## Web scraping¶

To get values from websites which don't provide an API is often only through scraping. It can be very tricky to get to the right values but this example here should help you to get started. This is very similar to the work-flow the scrape sensor is using.

### Get the value¶

Importing the needed modules.

In [1]:
import requests
from bs4 import BeautifulSoup


We want to scrape the counter for all our implementations from the Component overview.

The section (extracted from the source) which is relevant for this example is shown below.

...
<div class="grid__item one-sixth lap-one-whole palm-one-whole">
<div class="filter-button-group">
<a href='#all' class="btn">All (444)</a>
<a href='#featured' class="btn featured">Featured</a>
<a href='#alarm' class="btn">
Alarm
(9)
</a>
...


The line <a href='#all' class="btn">All (444)</a> contains the counter.

In [2]:
URL = 'https://home-assistant.io/components/'


With requests the website is retrieved and with BeautifulSoup parsed.

In [3]:
raw_html = requests.get(URL).text
data = BeautifulSoup(raw_html, 'html.parser')
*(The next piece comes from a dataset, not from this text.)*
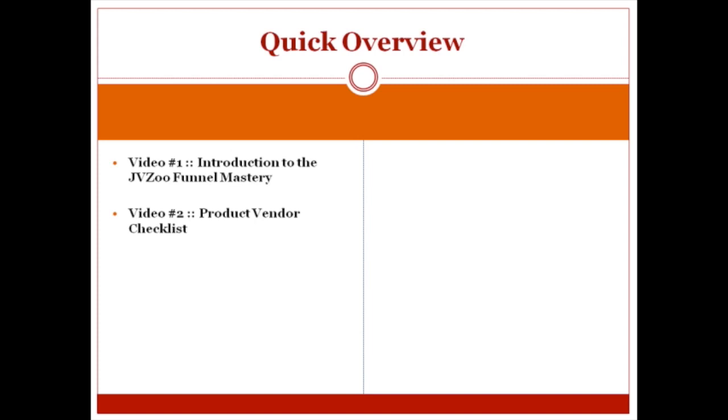I definitely want you to succeed. So I've created this course in a manner to help you do that. Video number two will prepare you for that.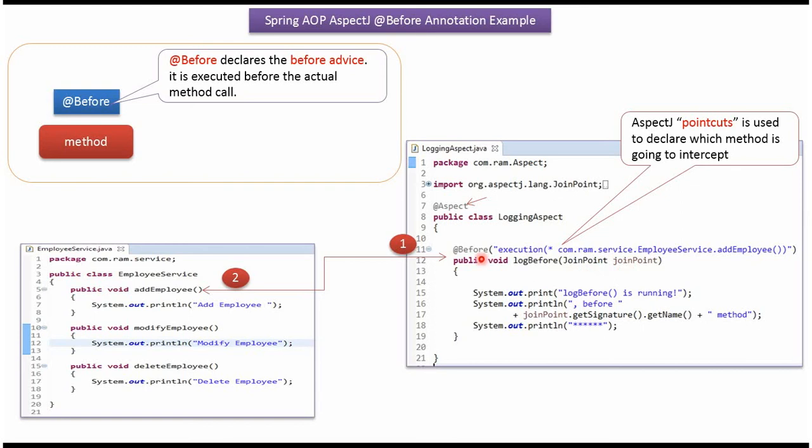Here I have applied at before annotation, and here I have mentioned addEmployee method of EmployeeService class should be intercepted. Before calling addEmployee method of EmployeeService class, this method will be called.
Now you have the complete content of the page. CSS selectors can be used to identify the counter. We have several options to get the part in question. As BeautifulSoup is giving us a list with the findings, we only need to identify the position in the list.

In [4]:
print(data.select('a')[10])

<a class="btn" href="#all">All (791)</a>

In [5]:
print(data.select('.btn')[0])

<a class="btn" href="#all">All (791)</a>


nth-of-type(x) gives you element x back.

In [6]:
print(data.select('a:nth-of-type(11)'))

[<a class="btn" href="#all">All (791)</a>]


To make your selector as robust as possible, it's recommended to look for unique elements like id, URL, etc.

In [7]:
print(data.select('a[href="#all"]'))

[<a class="btn" href="#all">All (791)</a>]


The value extration is handled with value_template by the scrape sensor. The next two step are only shown here to show all manual steps.

We only need the actual text.

In [8]:
print(data.select('a[href="#all"]')[0].text)

All (791)


This is a string and can be manipulated. We focus on the number.

In [9]:
print(data.select('a[href="#all"]')[0].text[5:8])

791


This is the number of the current platforms/components from the Component overview which are available in Home Assistant.

The details you identified here can be re-used to configure scrape sensor's select. This means that the most efficient way is to apply nth-of-type(x) to your selector.

### Send the value to the Home Assistant frontend¶

The "Using the Home Assistant Python API" notebooks contains an intro to the Python API of Home Assistant and Jupyther notebooks. Here we are sending the scrapped value to the Home Assistant frontend.

In [10]:
import homeassistant.remote as remote

HOST = '127.0.0.1'

new_state = data.select('a[href="#all"]')[0].text[5:8]

True